The Sliding Center Sanki (Санки) (a.k.a. the Sanki Sliding Center) is a bobsleigh, luge, and skeleton track located in Rzhanaya Polyana, Russia, 60 km (37 mi) northeast of Sochi. Located in the Western Caucasus. The venue hosted the bobsleigh, luge, and skeleton events for the 2014 Winter Olympics.

==History==
In 2006, it was announced that Russia would construct two new bobsleigh, luge, and skeleton tracks. The first track was located near Moscow while the second one would be located in Krasnaya Polyana. Sochi was chosen to host the 2014 Winter Olympics over Pyeongchang, South Korea and Salzburg, Austria on 4 July 2007. By 2009, the location was changed to Rzhanaya Polyana, located not far from Krasnaya Polyana. On 26 April 2016, a fire damaged part of the track.

==Track==
The track length is 1365 meters for bobsleigh, skeleton, and men's singles luge and 1325 meters for luge – women's singles and men's doubles, with the finish height being at 1215 meters above sea level. It features 19 curves for bobsleigh and skeleton, 20 turns for men's singles luge, and 17 turns for luge – women's singles/men's doubles. The maximum height difference (in the 1365m configuration) is 131.9 meters. The track will have permanent seating of 500, a temporary seating of 500, and a standing room crowd of 10,000 during the 2014 games.
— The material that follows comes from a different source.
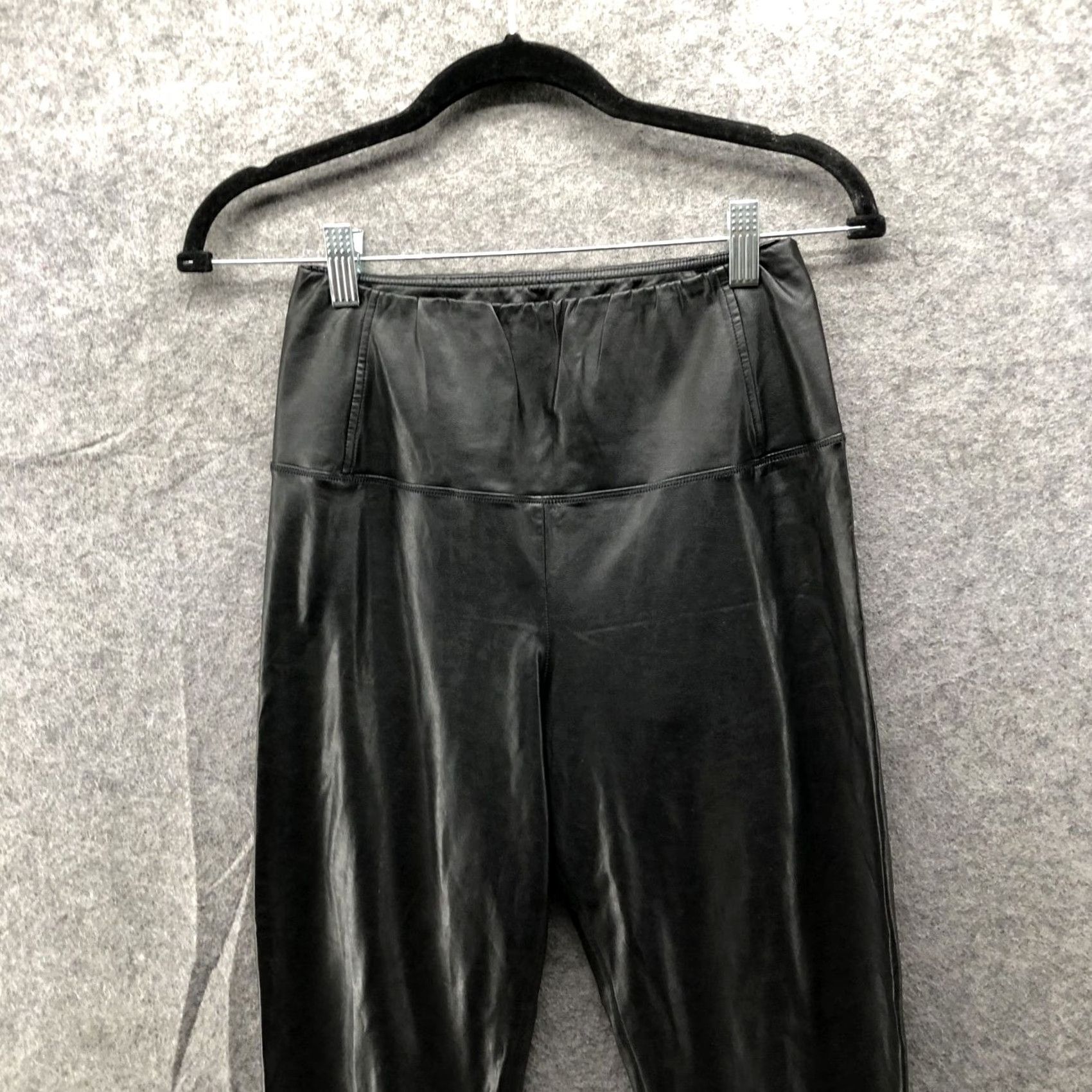 Aritzia Aritzia Wilfred Free Daria Faux Vegan Leather Leggings S High Waisted Black Women's Leggings XS? Size 28" / US 6 / IT 42 - 3 Thumbnail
In their Olympic bid package, Sochi's track would cost RUB 135.7 million.

Post-Olympic usage involves international bobsleigh, luge, and skeleton competitions and training for Russian athletes involved in those sports.

==Controversies==
Construction was scheduled to begin in 2007 and run until 2009 with testing events approved by the International Bobsleigh and Tobogganing Federation (FIBT) and the FIL in 2013 and 2014. There have been two issues with the track regarding location.

===Downhill grades===
Seven different locations were submitted to both the FIBT and FIL, but have all been rejected due to high downhill grades on the track. The joint track commission of the FIBT-FIL expressed concerns over this issue. The head of the Königssee bobsleigh, luge, and skeleton track in Germany stated that "the FIL is not to blame for the problems occurring in connection with the track location."

===World Heritage Site proximity===
The site where the track would be located has been under fire from Greenpeace Russia over its location near the World Heritage Site of the Western Caucasus. Following Greenpeace Russia's official examination of the facility near the Sochi National Park, it was determined that about ten other places could be used outside of the park for track construction. Controversy about the track also included the Northern Caucasus brown bear's location near the track for which the bear is an endangered species.

===Resolution===
Both issues were resolved after FIL President Josef Fendt expressed his support along with an International Olympic Committee (IOC) visit in Sochi on 21 May 2009.